Find a network of collaborators in this way: a grant writer, a gig hustler, a score preparer, a graphic designer—whatever you happen to need. You’ll get a lot more done because (1) you’re not killing your productivity by stressing about not being good enough at X, (2) you’ll be doing things you’re actually good at much of the time, and (3) you won’t be wasting your energy.

Step 3: Get hired help

At first, your collaborations will probably be informal, but at some point you may find that it’s worth hiring someone. Eventually your collaborations will lead to you having too many projects going on to manage as a group, and you will all get stressed, despite the productivity gains you saw in Step 2. This will probably also be at about the time where you’ve almost stopped losing money doing music. Your audience will have grown to a few people that you don’t know and have never met, and it’s not as hard anymore to get people into a room.

This is the point where it make sense to hire someone. Start by hiring for tasks that don’t require a lot of specialized expertise, like booking rehearsals. An admin assistant will give you sanity and let you take your audience building to the next level. You’ll start making more money again and your audiences will grow even larger. Eventually you might want to look into an agent or a publisher, but also keep in mind that by the time you really need one, they will usually come knocking on your door. You’ll get better terms if you wait them out than if you go chasing after them, so it’s almost always best to hire down than to hire up. (NB: There are a few notable exceptions; for instance, most classical singers sign with an agent somewhere in Step 1 or 2.)

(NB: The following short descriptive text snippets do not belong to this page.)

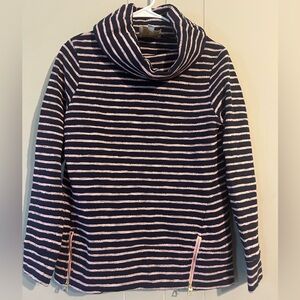 STS Sail To Sable Womens Navy & pink Stripe Cowl Neck Pullover size small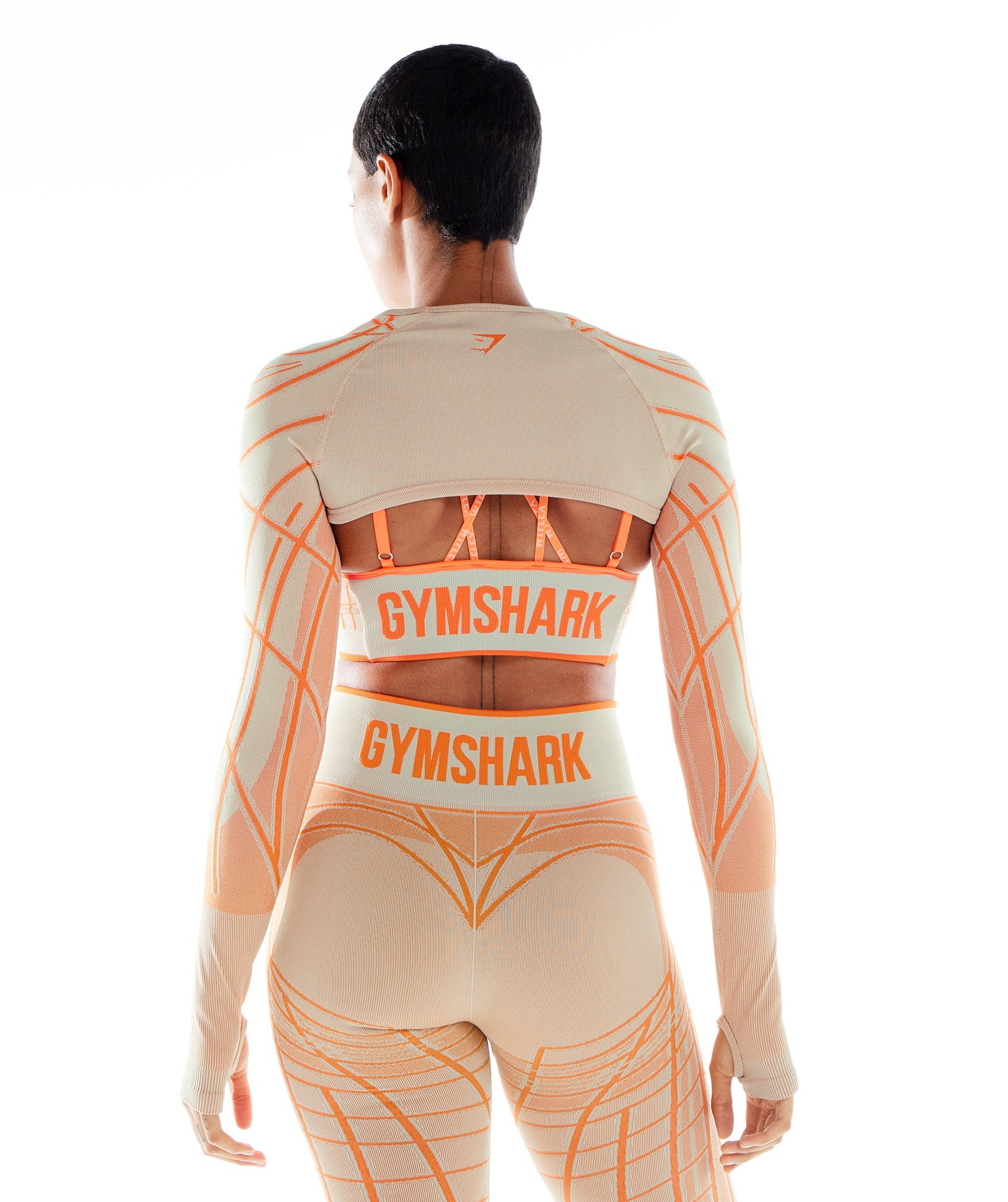 Gymshark Wtflex Linear Seamless Long Sleeve Shrug Oberteile Damen Orange | 3572491-NL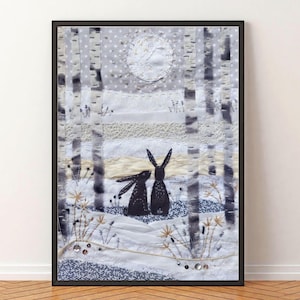 White Forest Deluxe Slow Stitch Kit - Applique Art, Easy Embroidery Project image 1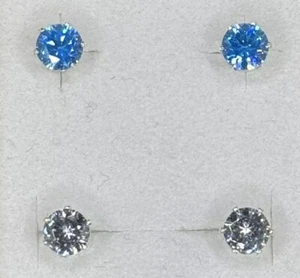Made with Swarovski® crystals - Light Turquoise + Crystal Stud earrings - Picture 1 of 7
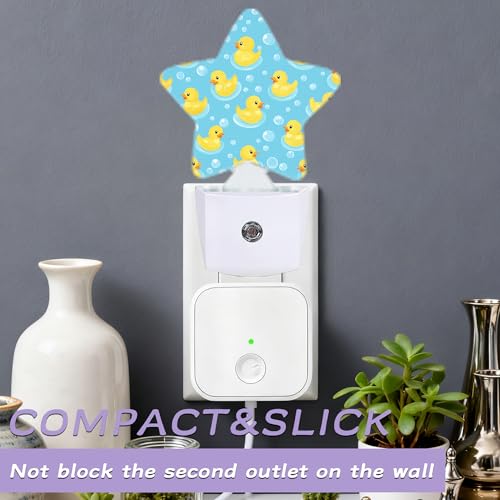 Image of Cute Rubber Ducks Decorative Nightlight Plug in Wall,Bubbles Star Shaped Night Light with Built in Sensor for Home Decor,Kitchen Hallway Stairs Desk Lamp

Once you reach this level, you don’t need my advice anymore (I’d be happy to listen to any pointers you have for me though…). But from what I have seen and experienced, this is the tried and true method of building an audience, independent of technology, your marketing acumen, or your interests as an artist. Successful artists are collaborative artists, there’s no other way around it. Those who end up developing a following do so by building a network of colleagues around them that they can exchange skills with. Nobody can do everything by themselves.